The show starts with a brief live action portion with the Kratt Brothers, Chris and Martin, and turns animated as they head out on various adventures. They can be rescuing Polar Bears or saving a shark from a dastardly chef villain who aims to make shark fin soup. It’s fast-paced enough to keep a smaller child’s attention, funny enough to make bigger kids laugh, and educational enough to teach even a Master Gardener a thing or two!
So why am I talking about a cartoon this episode, I mean blog? And seemingly one that has more to do with animals? Well, let me tell you they have an awesome episode about Pollinators.
One of the brothers gets miniaturized in order to get “up-close” film footage of bees at work and inadvertently ends up stuck to the bee and lost in the rainforest moving from plant to plant by different pollinators. I always thought a Pikachu was a type of Pokémon! Turns out they are cute little animals that live in the rainforest and they are also pollinators. I also had never heard of a Fig Bee (or Fig Wasp). Search Fig Wasp at the UCANR.org website.

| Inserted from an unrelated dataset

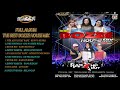 Full Album The Best Bozze House Mix - Bozze Management | Dangdut [OFFICIAL]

The Kratt Brothers can also put on creature suits that enable them with a type of creature power that mimics an attribute of the featured creature. There is danger and suspense in many of the episodes, often in the form of the brothers needing to find something that their new animal friend is needing.
For instance, one of the full episodes that is available on the web at www.pbskids.org/wildkratts is the Mystery of the Squirmy Wormy. Why worms come to the surface when it rains. In it there is a short time where “Wormy” is in danger of drying out. It covers the answer to that question and some worm biology. Also, at the end in the live action sequence shows a quick description of worm composting. Can it get any better!?
Yes, yes it can. If you follow the links on their site, which is also filled with games and other educational fun, you’ll find tools for educators and parents that almost make one wish you were back in a classroom. But I think I like watching cartoons too much!